WHAT YOU NEED TO DO:
Beginning with the line where "Jude Bellingham of" appears, restate each line word for word until the data ends. Pictures do not go in.

# # # #

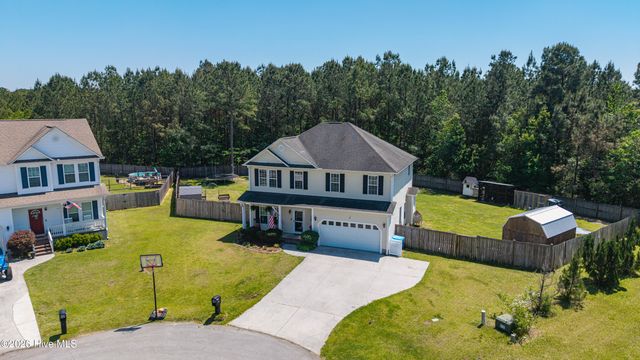 302 Sunbeam Court, Richlands, NC 28574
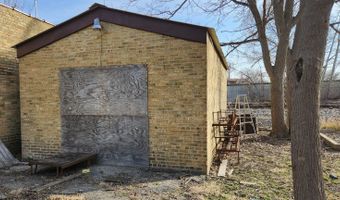 510 Main St, Antioch, IL 60002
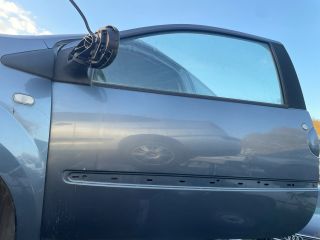 bontott RENAULT TWINGO II Bal első Ajtó (Üres lemez)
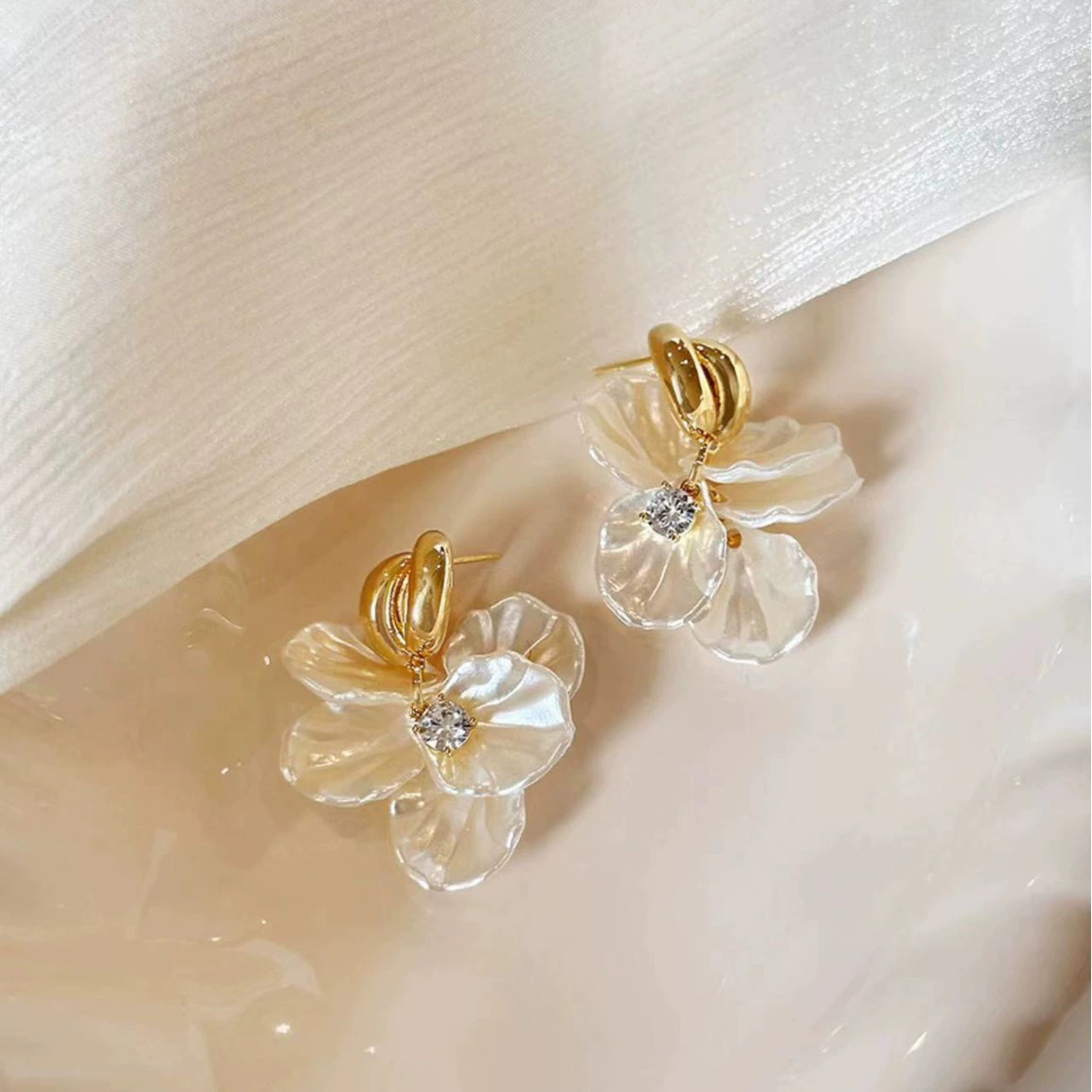 2026 viento falso sensación de atmósfera super inmortal pendientes de flores de malla temperamento suave de chiffon para mujeres pendientes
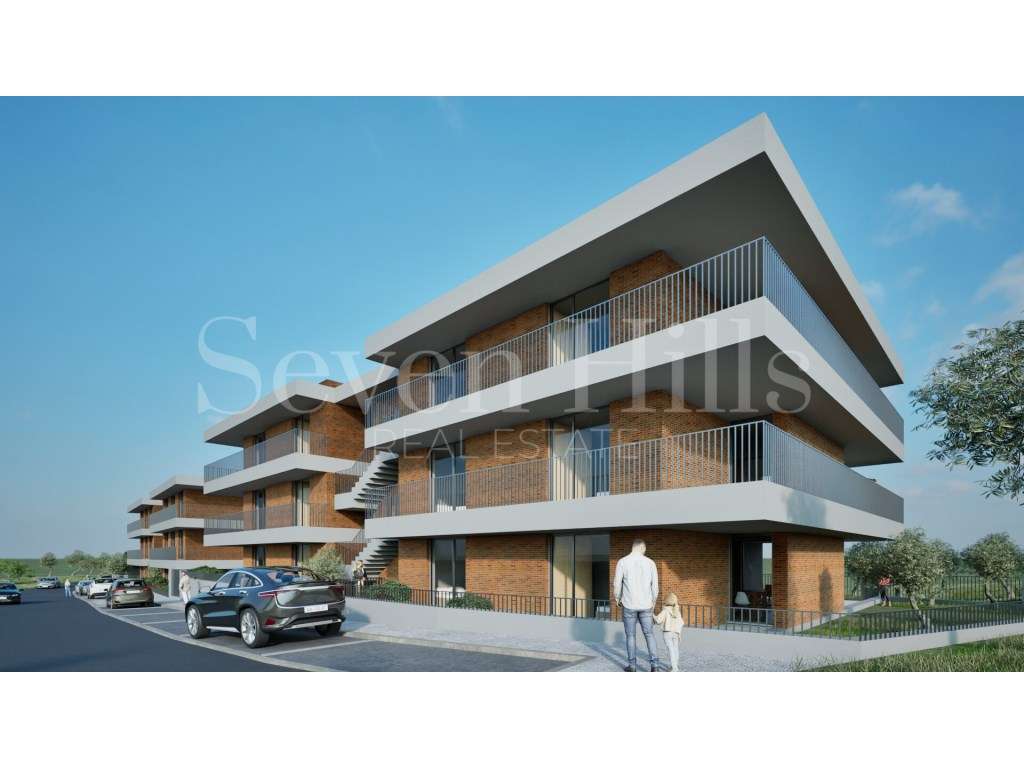 Apartamento T3 com Garagem - Logo de Deus-5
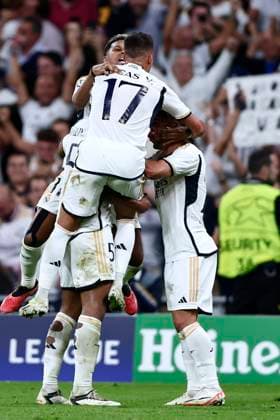 Jude Bellingham of Real Madrid Cf celebrating his goal with his teammates during the Champions Leage match between Real Madrid Cf and Union Berlin at Santiago Bernabeu Stadium, in Madrid, Spain, on September 20, 2023. ( Photo by Alvaro Medranda Panoramic ) FOOTBALL : Real Madrid vs Union Berlin - UEFA Ligue des Champions - 20 09 2023 AlvaroMedranda Panoramic 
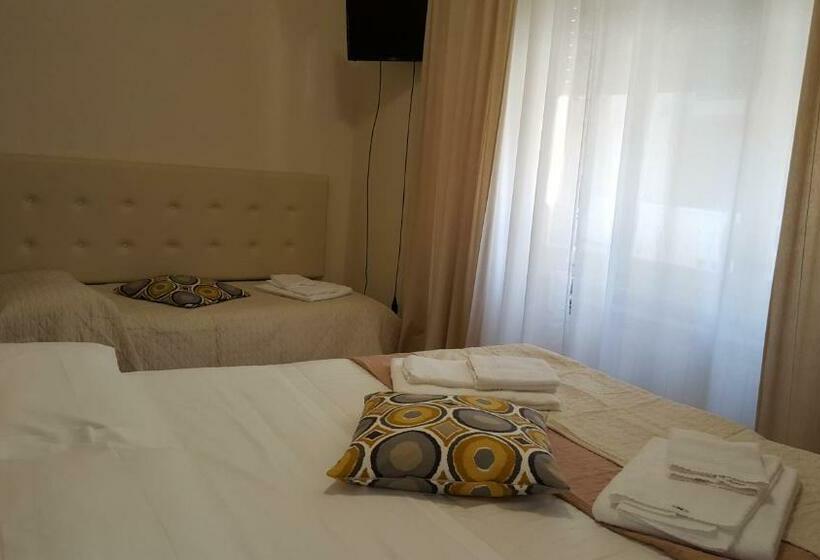 اتاق استاندارد سه نفره, Milano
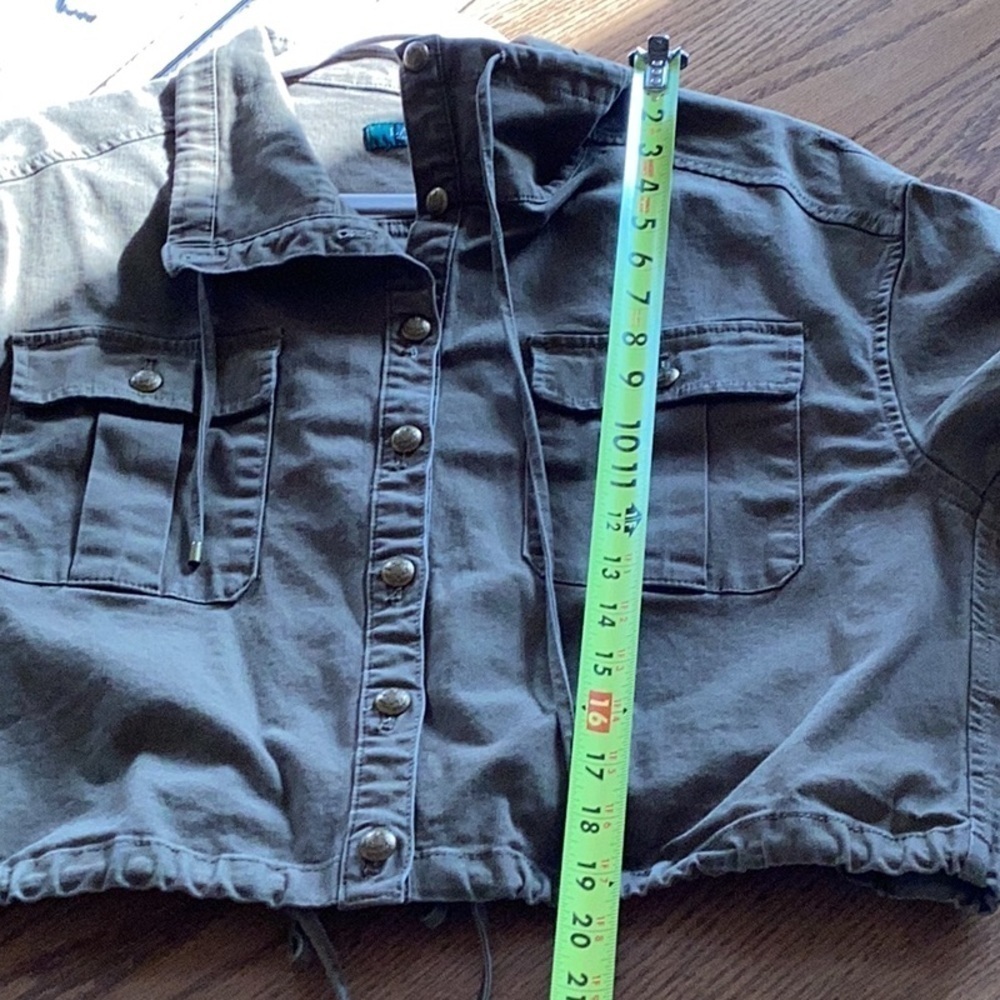 LAUREN Ralph Lauren Green cropped military jacket with drawing waist. Women 12 - Picture 15 of 15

# # # #

WRITTEN RESPONSE:
 Jude Bellingham of Real Madrid Cf celebrating his goal with his teammates during the Champions Leage match between Real Madrid Cf and Union Berlin at Santiago Bernabeu Stadium, in Madrid, Spain, on September 20, 2023. ( Photo by Alvaro Medranda Panoramic ) FOOTBALL : Real Madrid vs Union Berlin - UEFA Ligue des Champions - 20 09 2023 AlvaroMedranda Panoramic 
 اتاق استاندارد سه نفره, Milano
 LAUREN Ralph Lauren Green cropped military jacket with drawing waist. Women 12 - Picture 15 of 15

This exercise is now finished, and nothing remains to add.